Creating a table comparing two dictionaries with lists as values-CodePudding

So I have two dictionaries with a column header as the key and the list of column values as the value and I would like to create a table comparing each of those lists to each other, like percent of list items in common for every combination of lists. I am not even sure how to start.

Dict1={ key1a : list1a, key1b : list1b, ...}

Dict2={ key2a : list2a, key2b : list2b, ...}

I would like the column and row headers to be the key values for each list

 ------- ------------------------------- -------------------------------- ----- 
|  KEYS |             key1a             |             key1b              | ... |
 ------- ------------------------------- -------------------------------- ----- 
| key2a | % list1a and list2a in common | % list1b and list2a in common  | ... |
| key2b | % list1a and list2b in common | % list2b and list 1b in common | ... |
|  ...  |              ...              |              ...               | ... |
 ------- ------------------------------- -------------------------------- -----

CodePudding user response：

It isn't completely clear what you mean by the lists having items "in common". Are they lists of equal length? Do they have unique values?
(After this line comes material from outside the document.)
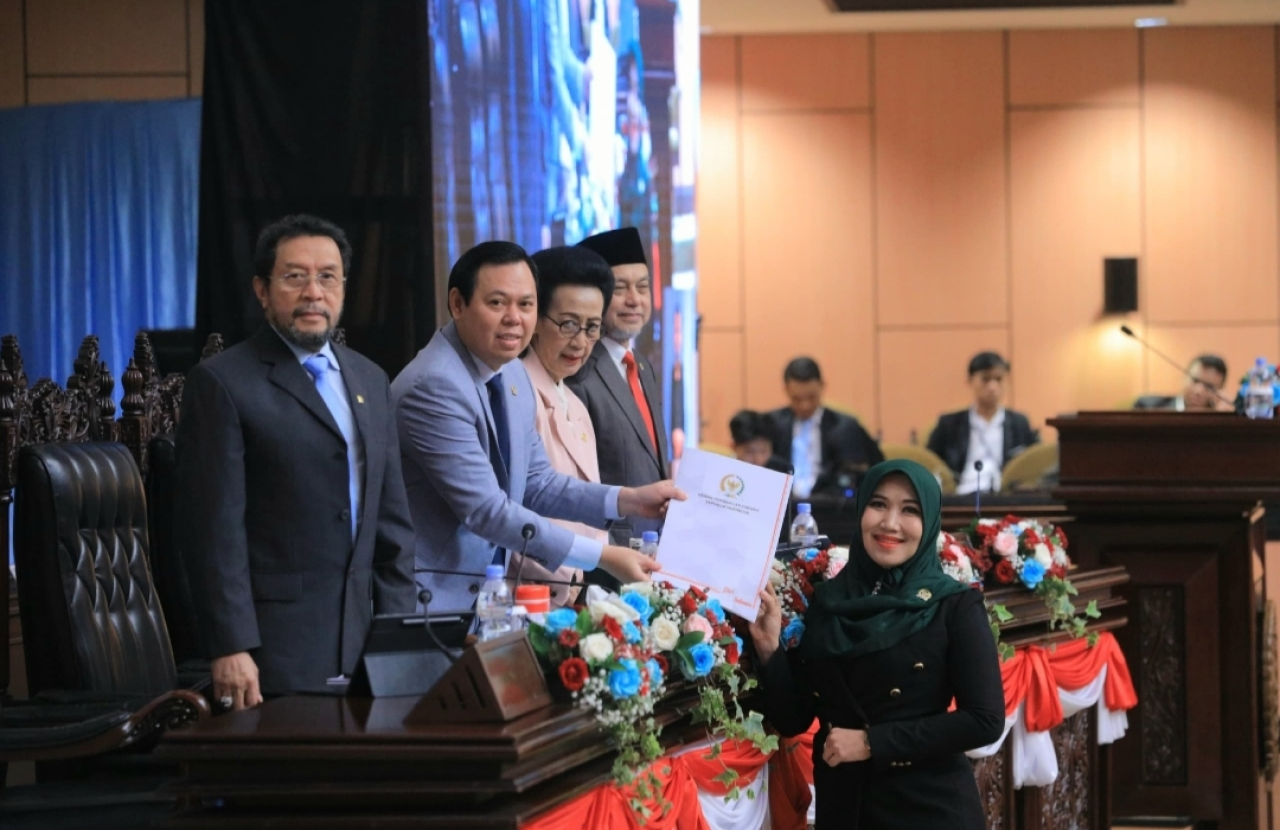 Gelar S.H.I. dan M.E.I. Jadi Sorotan dalam Sidang DPD RI, Ini Penjelasan Ning Lia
Below you can see an implementation that creates a pandas DataFrame by iterating though the different dictionary keys and building a new dictionary of lists. In this case, I assume that the lists have unique entries. You can probably adjust that part of the code as necessary for your use case.

import pandas as pd

# Example dictionaries and lists
Dict1 = {'key1a': [1,2,3,4,5], 'key1b':[2,3,4,5,6]}
Dict2 = {'key2a': [1,'a',3,4,5], 'key2b':[2,3,'b',5,6]}

compare_dict = {}
for key1 in Dict1:
    compare_list = []
    for key2 in Dict2:
        count_common = 0
        for item in Dict1.get(key1):
            if item in Dict2.get(key2):
                count_common  = 1
        compare_list.append(count_common/len(Dict1.get(key1)))
    compare_dict[key1] = compare_list

df = pd.DataFrame(compare_dict, index = Dict2.keys())
print(df)

print output:
       key1a  key1b
key2a    0.8    0.6
key2b    0.6    0.8

CodePudding user response：

Not sure of exactly what you expect as output in the table, as that numeric value (percent in common) is relative to the length of the lists which you did not specify if it is the same. This code output the elements in common between the lists

dict1 = {'key1a': [i for i in range(5)], 'key1b': [i for i in range(6)]}
dict2 = {'key2a': [i for i in range(5)], 'key2b': [i for i in range(6)]}


def elements_in_common(list1: list, list2: list) -> list:

    biggest_list = list1 if len(list1) >= len(list2) else list2
    smallest_list = list1 if biggest_list is list1 else list2
    
    elements_in_common = [element for element in biggest_list if element in smallest_list]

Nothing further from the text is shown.